When the town receives its annual surtax allocation from the state, those dollars fall into six categories: comprehensive beach management, streets and drainage, parks and recreation improvements, canal dredging, public safety and improvements to public facilities. Each category has a pre-programmed funding cap — and the town will deplete public safety revenues in the 2016-2017 fiscal year.
That means if the Longboat Key Fire Department needed a new fire truck, which Bullock said could cost $800,000, the town would have to dip into the operating budget for the entire cost. In a worst-case scenario, the millage rate would have to increase to accommodate the additional spending.

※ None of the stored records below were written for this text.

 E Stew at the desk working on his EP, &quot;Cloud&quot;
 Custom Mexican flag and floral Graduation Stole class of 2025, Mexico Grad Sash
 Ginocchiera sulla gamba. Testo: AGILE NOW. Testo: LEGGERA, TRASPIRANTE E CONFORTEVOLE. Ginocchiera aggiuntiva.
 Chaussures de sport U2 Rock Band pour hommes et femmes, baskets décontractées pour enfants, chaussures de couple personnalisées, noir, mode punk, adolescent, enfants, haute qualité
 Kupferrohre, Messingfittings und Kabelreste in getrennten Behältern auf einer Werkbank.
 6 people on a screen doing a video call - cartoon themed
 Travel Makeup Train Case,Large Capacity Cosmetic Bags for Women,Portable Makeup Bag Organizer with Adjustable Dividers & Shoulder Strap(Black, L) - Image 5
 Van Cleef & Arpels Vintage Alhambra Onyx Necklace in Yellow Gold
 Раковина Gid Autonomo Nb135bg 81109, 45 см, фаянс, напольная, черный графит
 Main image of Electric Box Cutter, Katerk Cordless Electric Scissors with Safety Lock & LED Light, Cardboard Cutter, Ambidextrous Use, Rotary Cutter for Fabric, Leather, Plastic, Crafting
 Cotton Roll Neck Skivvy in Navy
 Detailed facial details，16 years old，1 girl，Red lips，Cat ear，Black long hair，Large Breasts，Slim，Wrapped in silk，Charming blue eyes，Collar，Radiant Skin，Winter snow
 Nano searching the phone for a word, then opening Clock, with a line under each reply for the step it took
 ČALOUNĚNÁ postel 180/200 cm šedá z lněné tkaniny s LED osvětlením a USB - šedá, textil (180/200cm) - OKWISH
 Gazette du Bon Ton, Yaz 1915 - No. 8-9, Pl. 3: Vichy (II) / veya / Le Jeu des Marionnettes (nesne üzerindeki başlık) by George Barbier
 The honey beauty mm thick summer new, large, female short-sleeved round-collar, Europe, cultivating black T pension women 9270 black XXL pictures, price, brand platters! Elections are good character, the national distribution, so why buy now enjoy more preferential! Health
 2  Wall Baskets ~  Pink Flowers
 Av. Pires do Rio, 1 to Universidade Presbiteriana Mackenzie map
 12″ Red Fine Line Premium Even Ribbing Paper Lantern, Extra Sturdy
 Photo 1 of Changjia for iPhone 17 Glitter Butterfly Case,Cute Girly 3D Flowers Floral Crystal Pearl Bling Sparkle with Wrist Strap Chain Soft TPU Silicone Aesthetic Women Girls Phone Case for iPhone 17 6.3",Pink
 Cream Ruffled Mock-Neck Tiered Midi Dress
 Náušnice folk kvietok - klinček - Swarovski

“I can understand the arguments you're making. I also know there’s an insatiable appetite for money for beaches.” — Vice Mayor Terry Gans
In the preliminary budget for the next fiscal year, the town is slated to use more than $730,000 from the general fund — the municipality’s primary operating budget — for capital spending. That includes a new ambulance estimated at $315,000, a $45,000 refurbishment of a police boats and $75,000 for a new records management system.
“I'm more protective of the general fund because of the large demands on the general fund,” Bullock said.
The town has at least four other revenue streams that pay for beaches, including tourist development taxes, taxing districts, Federal Emergency Management Agency reimbursements after disasters and bonds. Longboat will spend about $11.1 million on beach projects in the 2016-2017 fiscal year, according to the workshop presentation.
“I think you have a strong case here,” said Commissioner Irwin Pastor.
Vice Mayor Terry Gans said he would also like to see an analysis of arguments against changing the funding structure.
“I can understand the arguments you're making,” Gans said. “I also know there’s an insatiable appetite for money for beaches.”
The great unknowns
While commissioners can begin discussing the estimated $16.3 million operating budget 2016-2017 fiscal year, for which Bullock has kept the millage rate steady at 2.1300, several unknown factors could influence future spending.
The town is currently investigating whether its sole wastewater pipe needs to be replaced. If so, that could come with a $19.9 million price tag.
Also, staff have projected a 3% increase in property values, which would add $309,000 to the town’s coffers. But they don’t have the official numbers from the Manatee or Sarasota county property appraisers.
“I always keep my estimates pretty conservative,” Bullock said.